La réglementation en vigueur est complexe. L’arrêté du ministre de la Santé du 20 juillet 1998, qui fixe la liste des maladies contagieuses portant interdiction de certaines opérations funéraires, concerne plusieurs opérations relatives au transport, à la mise en bière et à la fermeture du cercueil pour les personnes décédées d’orthopoxviroses, de choléra, de peste, de charbon, de fièvres hémorragiques virales. De même, il interdit la délivrance d’une autorisation de pratiquer des soins de conservation sur les corps des personnes décédées d’hépatite virale, de rage, de maladie de Creutzfeldt-Jakob et d’état septique grave. Cependant, une décision du Conseil d’État du 29 novembre 1999 a rappelé que si le ministre en charge de la santé pouvait, après avis du Conseil supérieur de l’hygiène publique, dresser une liste des maladies contagieuses, il n’était pas de sa compétence d’interdire de manière absolue la possibilité de pratiquer des soins de conservation sur le corps des défunts atteints de ces maladies, celle-ci étant laissée à l’appréciation du maire de la commune du lieu de décès ou de l’endroit où sont pratiqués les soins. Pour compliquer le tout, pour des raisons de procédure, le Conseil d’État n’a annulé que de manière partielle l’arrêté du 20 juillet 1998 et a maintenu la référence à l’interdiction de soins de conservation sur les corps des personnes décédées infectées notamment par le VIH. Le décret de juillet 1998 est donc toujours en vigueur et une autorisation de soins peut être refusée par le maire au motif que la personne décédée serait séropositive pour le VIH.
Les médecins ne peuvent refuser le transport.
Le CNS demande donc « l’annulation de l’article 2 de l’arrêté en tant qu’il mentionne l’infection à VIH dans la liste des maladies faisant obstacle à la pratique de soins de conservation sur les corps » et invite les pouvoirs publics à « entamer une réflexion comparable sur les hépatites et les autres pathologies infectieuses mentionnées dans l’arrêté ».

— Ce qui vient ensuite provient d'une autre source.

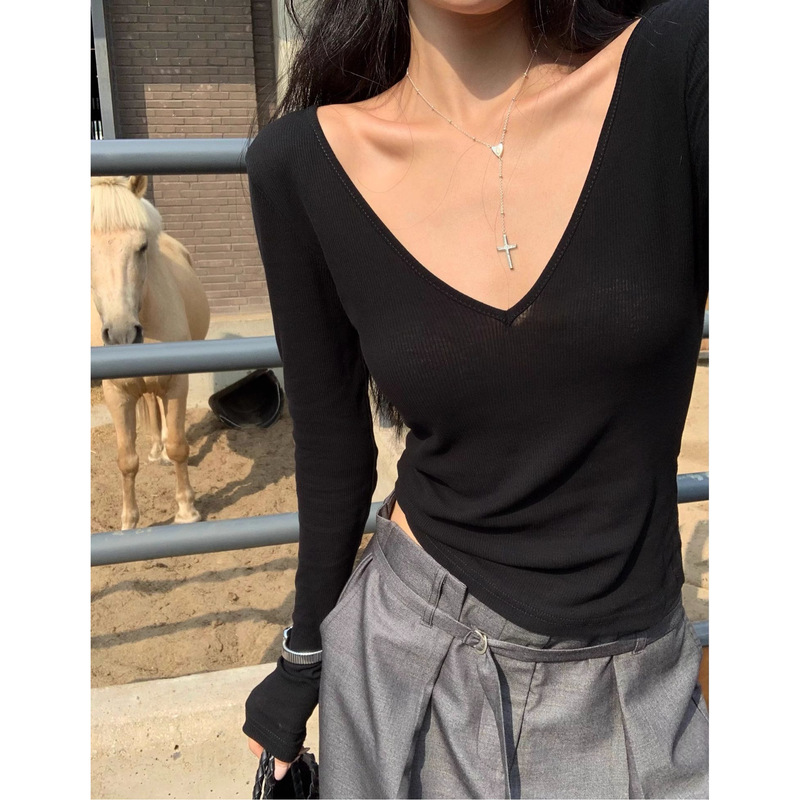 Sexy V-neck Black Long-sleeved T-shirt Women's Autumn Basic Slim-fit Inner Spice Girls Slimming All-match Base Shirt Top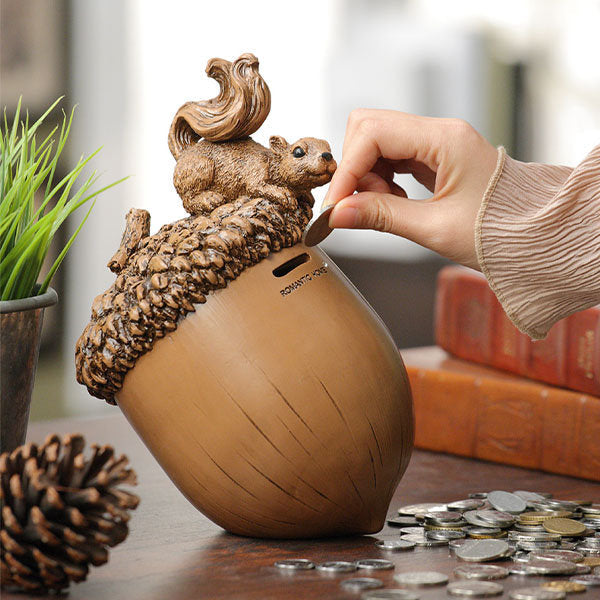 Squirrel Acorn Piggy Bank - Resin - Art And Utility - Save With Style, Cherish Every Coin 8878132822318-1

De surcroît, il rappelle, que les médecins ne peuvent s’opposer, comme cela a été le cas dans l’exemple précité, au transport avant la mise en bière. « Un tel refus n’est pas légal », le médecin (médecin-chef du service hospitalier ou son représentant dans un établissement public ou médecin traitant dans un établissement privé) n’est compétent que pour s’opposer au transport du défunt lorsque celui-ci est atteint d’une des maladies contagieuses fixée par le décret et « dans lequel le VIH ne figure pas ».
Le CNS déplore cette interprétation abusive du décret et souligne « qu’aucun argument technique ou scientifique ne peut justifier l’application de mesures spécifiques en matière d’opérations funéraires sur les corps des personnes décédées infectées par le VIH dès lors que sont strictement suivies les précautions universelles qui s’imposent ».
Ces précautions standards conçues à la fin des années 1982 sous l’impulsion de l’Organisation mondiale de la santé et adoptées par l’ensemble des personnels de santé requièrent un équipement de protection individuelle, des mesures d’élimination des risques sur le lieu de travail et des pratiques susceptibles de réduire les risques d’exposition. Elles sont d’autant plus nécessaires dans le cas d’opérations funéraires que les cadavres sont porteurs d’une flore microbienne composée d’espèces bactériennes potentiellement pathogènes et susceptibles de proliférer en période post-mortem. « Tout corps traité doit donc être considéré comme une source de transmission possible », insiste le Conseil.
Ce type d’opérations est d’ailleurs soumis à une réglementation stricte : conduite à tenir dans les salles de soins et procédés de décontamination en cas d’accident d’exposition, suivi médical du personnel. Dans les pompes funèbres et les entreprises de transport des corps avant mises en bière, la surveillance doit être renforcée pour prévenir l’ensemble des risques résultant d’une exposition à des agents biologiques pathogènes (vaccination contre l’hépatite B, contre la diphtérie, le tétanos et la poliomyélite). L’ensemble des précautions s’impose à tous les personnels exposés à des agents connus ou inconnus, diagnostiqués ou non.